Turn02 セラエノ/22
「あははは! ウチの生え抜きを一太刀か! 腕は鈍ってないねセラエノ!」
ジュディの声を掻き消すかのように、ジゼルからの等方性通信波の怒号が重なった。相手を喰い尽くすような豪気を纏った声が、頭部艦橋に響き渡る。

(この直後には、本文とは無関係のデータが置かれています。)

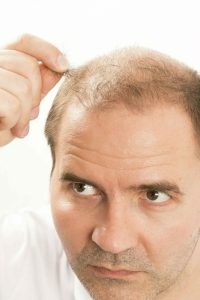 How To Stop Hair Loss - male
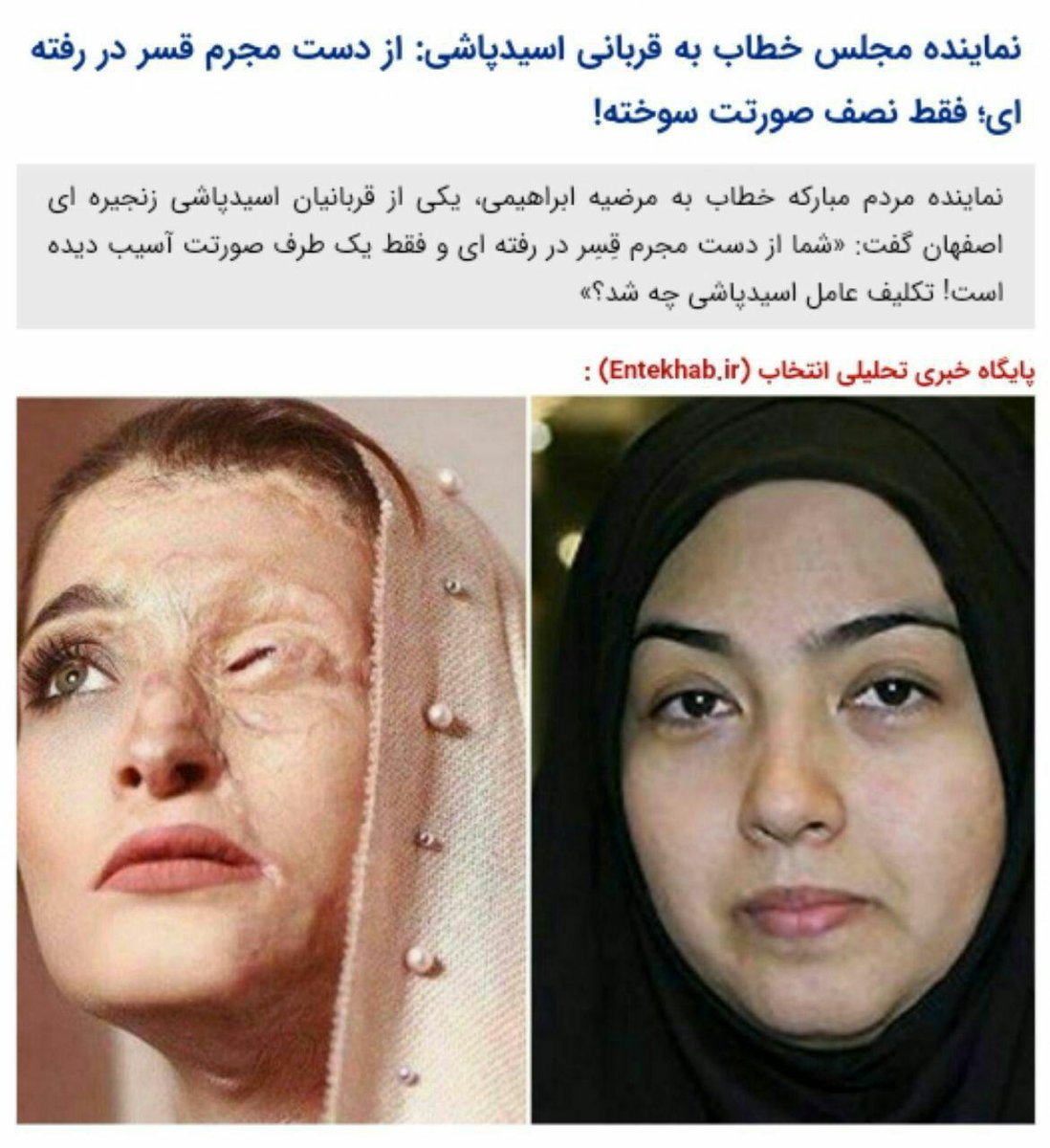 salehpour3's tweet photo. نماینده مجلس خطاب به قربانی اسیدپاشی ازدست مجرم قسر دررفته ای فقط نصف صورتت سوخته
مرضیه ابراهیمی خطاب به زهر�� سعیدی نماینده مبارکه:واقعامتاسفم که شمانماینده اصفهان هستیدونمی دانیدعاملان حادثه اسیدپاشی اصفهان هنوزمشخص نشده اند وبه من می‌گوییدقِسِر در رفته‌ای!
#خامنه‌ای_عامل_ویرانی https://t.co/0AAwcYoJq6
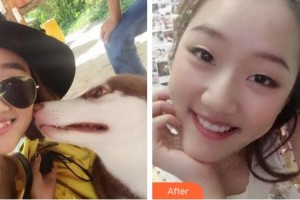 漳州南健口腔門診部林藝妹整形價格表附牙齒隱形矯正案例展示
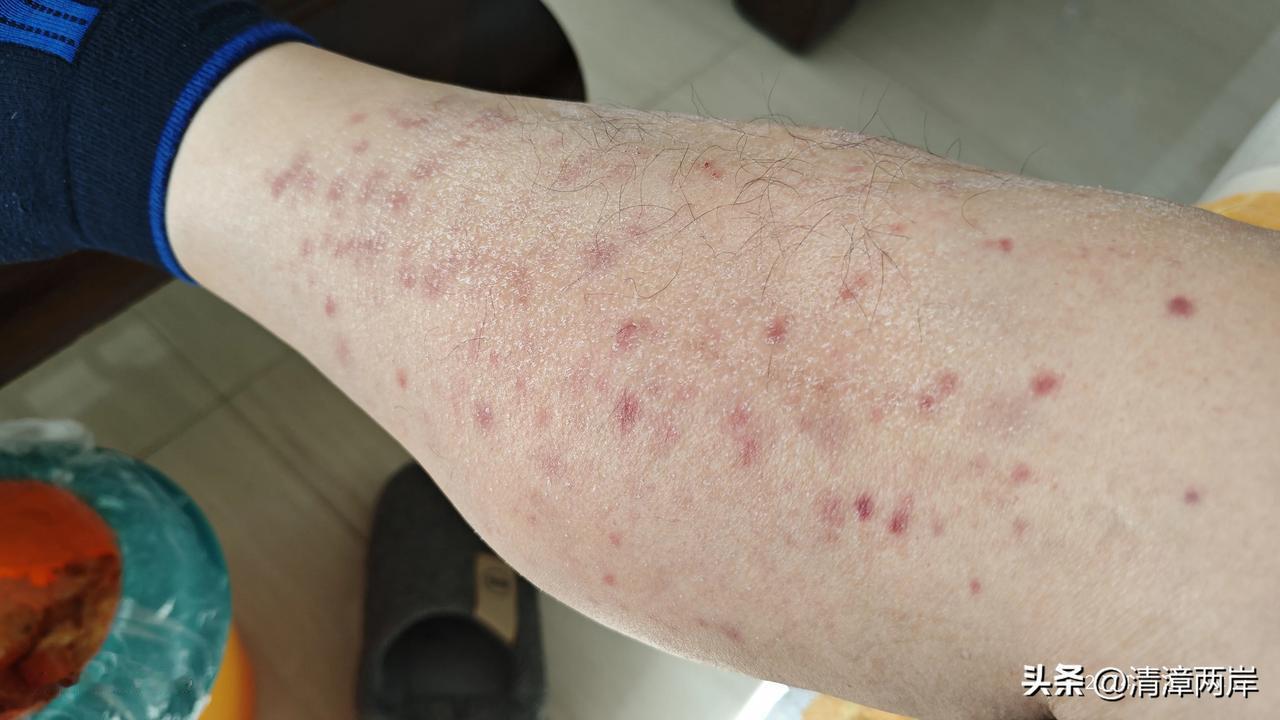 拍痧管用吗？今天胃口有点不舒服，腿肚子还有点疼，朋友建议我用拍痧板把毒素逼出来，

振り返ったアストライアのモニターに映るのは、艦上曲刀で唐竹に、頭部艦橋から胸部居住区まで斬り込まれたエルアドレ四番艦の凄惨な姿だった。
シュタルメラーラの肩部外装甲板には、四番艦の半刃半柄鉈槍が突き刺さり、跳躍突撃に真っ向から唐竹割りで交差法を仕掛けたことが窺える。
半刃半柄鉈槍の跳躍突撃は受け流し損ねれば、外装甲板もろとも骨格フレームまで達する威力がある。
その勢いを利用しての交差法。頭部艦橋ごと胸部居住区まで斬り込まれたエルアドレ四番艦が、自身の突撃の威力を、その身で物語っていた。
両翼を守る二隻のクロムナインのように重力刃で受け流すのではなく、外装甲板で受け流し、交差法を仕掛けるなど、一歩間違えれば真逆の姿を晒すことになる。
並みの胆力ではなかった。
「相変わらず、どう言う神経してんだか」
セラエノが呆れ顔をしながら、シュタルメラーラの動きを伺う。
喰い込んだ艦上曲刀を手放し、完全に沈黙した四番艦に脚を掛けて蹴り飛ばすと、シュタルメラーラは赤い眼のようなセンサー類を輝かせてアストライアに向けた。
「ジルヴァラをよこせば見逃してやってもいいよセラエノ」
殺気の篭った声が聞いた。
命を懸けた剣戟に競り勝った興奮で、アドレナリンが過剰に分泌している。ジゼルの鈍色の瞳が真紅に染まっていた。
竜眼。カーディナルの由来の一つであるジゼルの特異体質で、白皮症や光彩異色症と違い、興奮状態になると発現し、見たものに心的ストレスを誘発――恐怖させる効果がある。
その真偽はともかく、少なくともナインハーケンズはそう吹聴し、実際にジゼルの殺気に中てられて、恐怖するものが居るのは事実だ。
「ひぅ」
等方性通信波に乗ってきた映像からも伝わるその迫力に、後ろのジュディが思わず息を呑むのが聞こえた。
「くれてやる気はないし、大体ジルヴァラを渡しても、根こそぎ奪ってくでしょアンタ」
セラエノはそんな赤眼のジゼルの殺気にも気圧されず、飄々と応えた。
「許嫁にずいぶん辛辣だね」
「あんたが勝手に仕組んだ婚約でしょ」
「なら、力づくで連れて行く」
言葉で斬り合いながら、互いに隙を窺う。